Договор об основах взаимоотношений между двумя германскими государствами давно уже вступил в силу, а здесь еще по-прежнему официально использовали лексику времен «холодной войны», когда ФРГ претендовала на единоличное представительство интересов всех немцев. Столь откровенная наглость обозлила меня. Поскольку я не очень спешил, а в машине багажа практически не было, так что, если бы они и устроили мне из чувства мести досмотр с пристрастием, это все равно не могло бы длиться бесконечно, я ринулся в бой очертя голову.
– Я хотел бы сообщить об одном важном происшествии в зоне, – заявил я. – Возле Брауншвейга образовалась огромная пробка.
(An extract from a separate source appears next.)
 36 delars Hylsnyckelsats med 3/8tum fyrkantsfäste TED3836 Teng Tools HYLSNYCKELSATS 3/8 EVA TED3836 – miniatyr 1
Пограничник не заметил издевки:
– Сам знаю. Зачем вы мне это говорите?
– Здесь же написано: сообщать о заслуживающих внимания происшествиях после того, как покидаешь зону.
– Но вы же едете из Ганновера.
– Это так, – сказал я невинно, – но на щите не указано, какая зона имеется в виду. Вот я и подумал: наверняка та, которую я сейчас покидаю… Ведь здесь так и написано.
Человек, сидевший в будке, чуть не подпрыгнул от возмущения!
– Здесь Германия! – взволнованно пояснил он мне. – Зона – это которая там, по ту сторону!
– Но ведь у нас есть договор об основах отношений, он официально подписан обеими сторонами. Почему же вы пишете «зона»?